Oil dedicated to St George
The Oil dedicated to St George is dedicated to the martyr that died April 23 303 A.D.
George was born to a Gerontios and Polychronia. He was a Roman officer and she was a Greek native of Lydda. Both were Christians from noble families of the Anici. George was raised to follow their faith.
When George was old enough, he was welcomed into Diocletian’s army. by his late 20’s, George became a Tribunus and served as an imperial guard for the Emperor at Nicomedia.
On February 24, 303 A.D., Diocletian, who hated Christians, announced that every Christian the army passed would be arrested and every other soldier should offer a sacrifice to the Roman gods.
George refused to abide by the order.
When George announced his beliefs before his peers, Diocletian was unable to keep the news to himself.
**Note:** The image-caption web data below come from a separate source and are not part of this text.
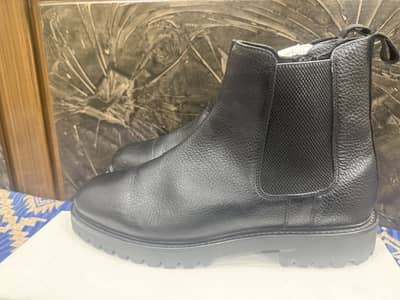 Lama shoes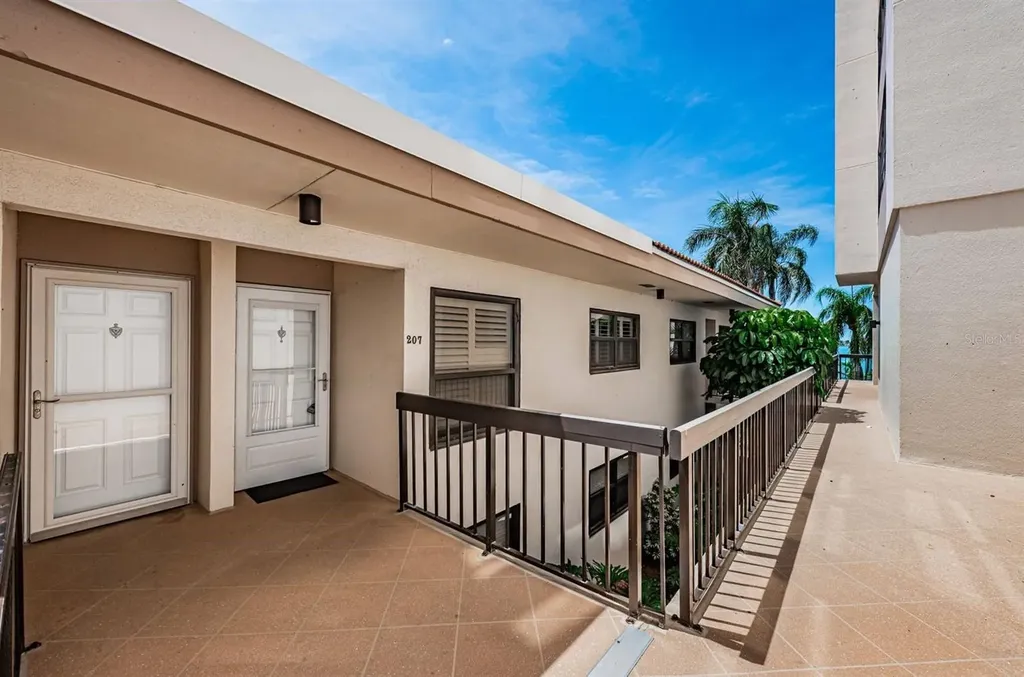 6291 Bahia Del Mar Circle St Petersburg FL 33715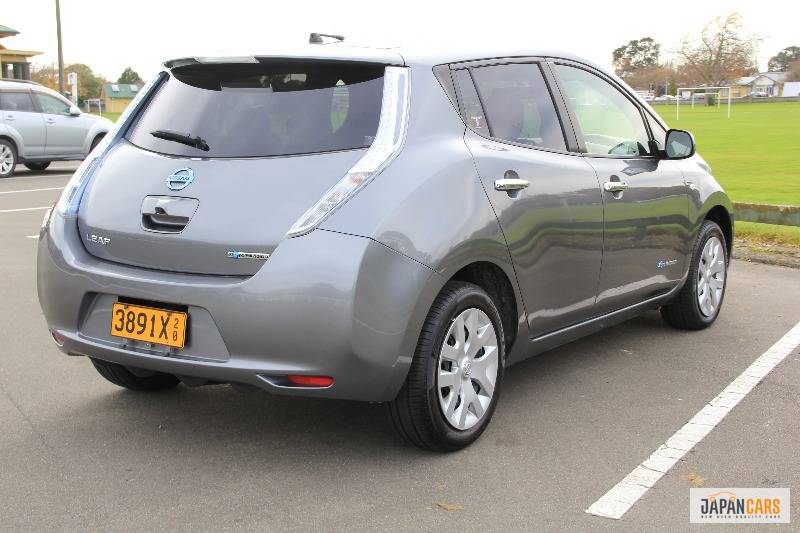 Nissan leaf x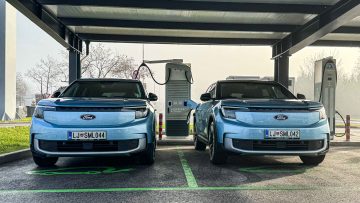 Ford Explorer-17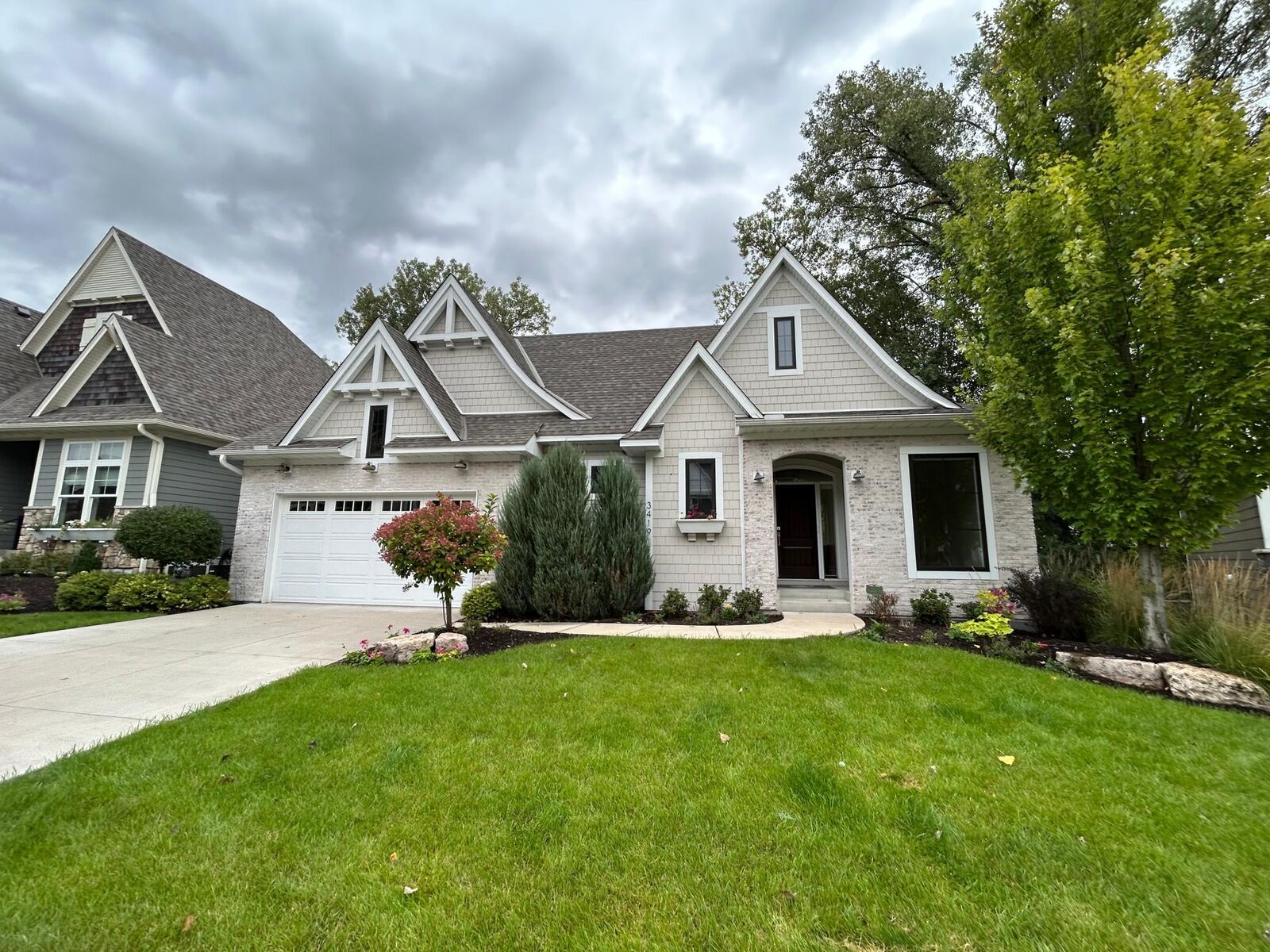 Property Photo:  3419 Groveland Lane  MN 55345 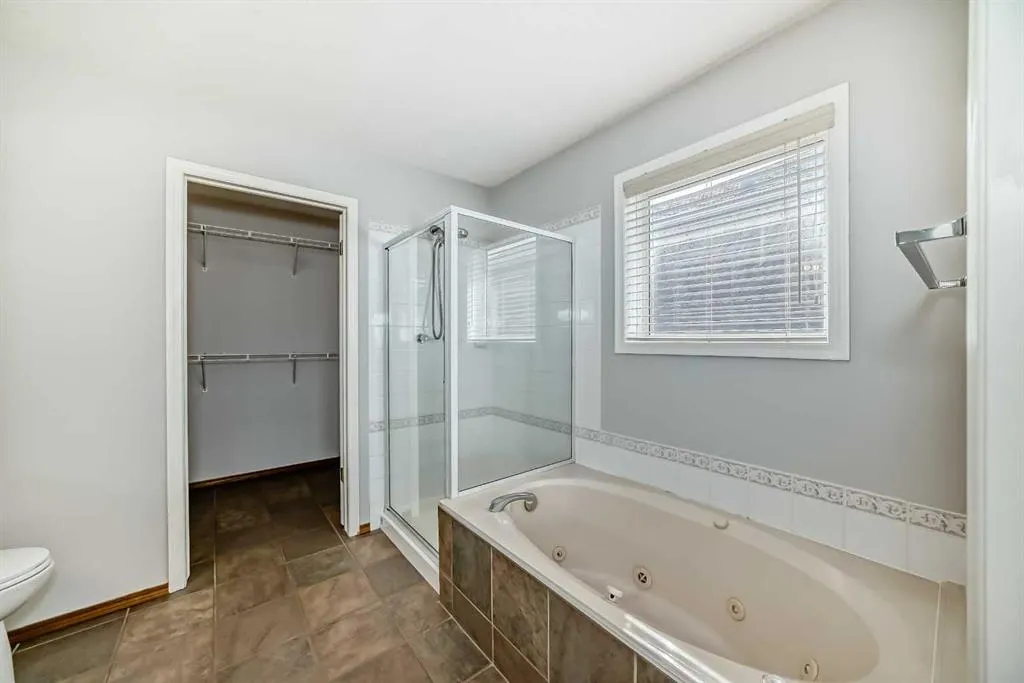 307 Edgebrook Park NW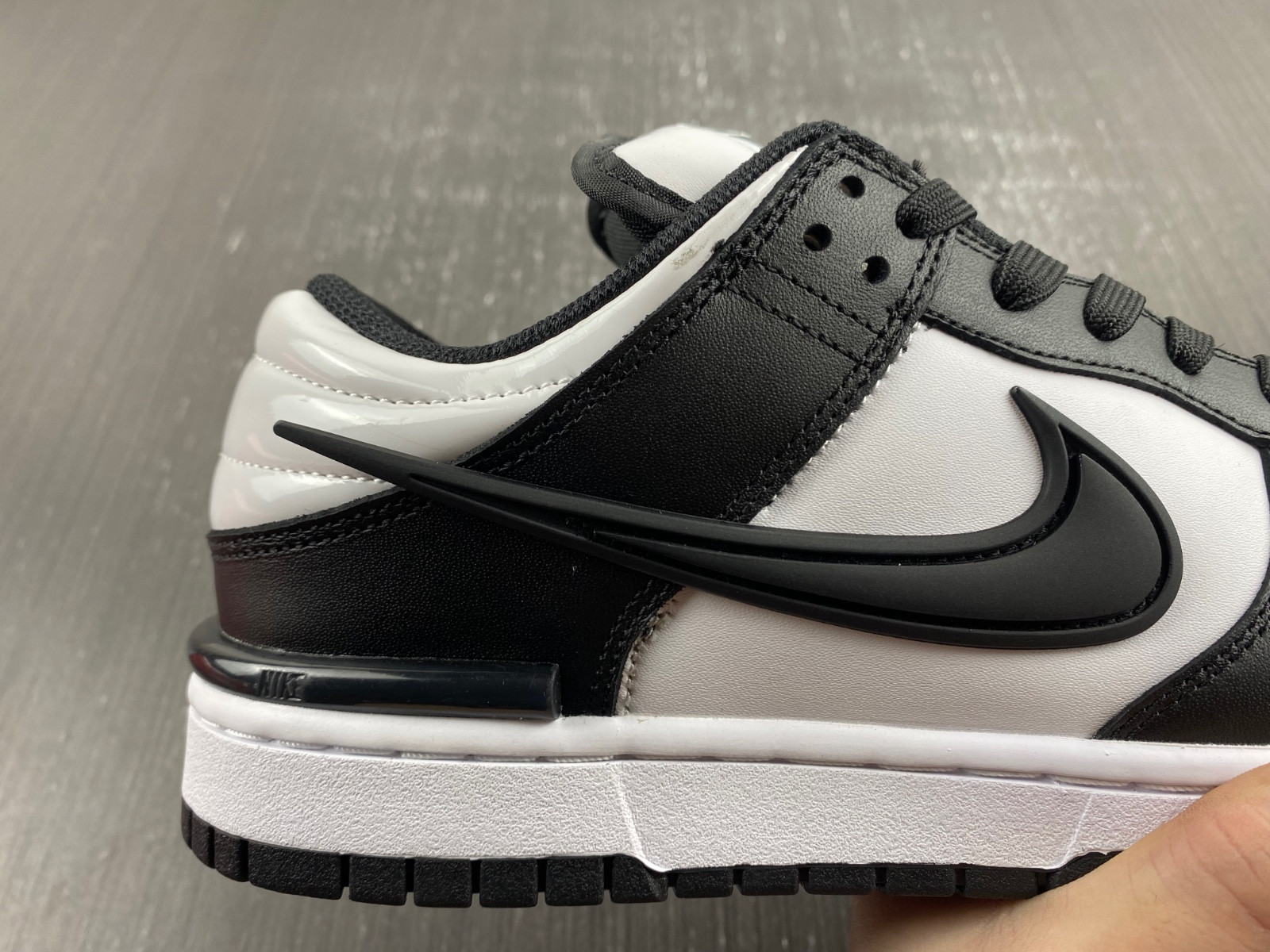 Nike Dunk Low Twist “Panda” DZ2794-001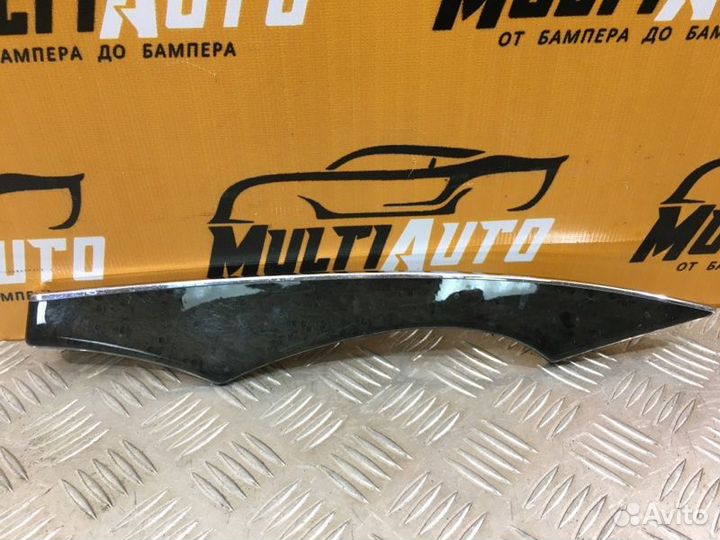 Накладка обшивки двери задняя правая Mercedes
In an effort to save George, Diocletian attempted to convert him to believe in the Roman gods, offered him land, money and slaves in exchange for offering a sacrifice to the Roman gods, and made several other offers that George refused.
Finally, after exhausting all other options, Diocletian ordered George’s execution. In preparation for his death, George gave his money to the poor and was sent for several torture sessions. He was lacerated on a wheel of swords and required resuscitation three times, but still George did not turn from God.
On April 23, 303 A.D., George was decapitated before Nicomedia’s outer wall. His body was sent to Lydda for burial, and other Christians went to honor George as a martyr.
Saint George and the Dragon
There are several stories about George fighting dragons, but in the Western version, a dragon or crocodile made its nest at a spring that provided water to Silene, believed to be modern-day Lcyrene in Libya.
The people were unable to collect water and so attempted to remove the dragon from its nest on several ocassions. It would temporarily leave its nest when they offered it a sheep each day, until the sheep disappeared and the people were distraught.
This was when they decided that a maiden would be just as effective as sending a sheep. The townspeople chose the victim by drawing straws. This continued until one day the princess’ straw was drawn.
The monarch begged for her to be spared but the people would not have it. She was offered to the dragon, but before she could be devoured, George appeared. He faced the dragon, protected himself with the sign of the Cross, and slayed the dragon.
After saving the town, the citizens abandoned their paganism and were all converted to Christianity.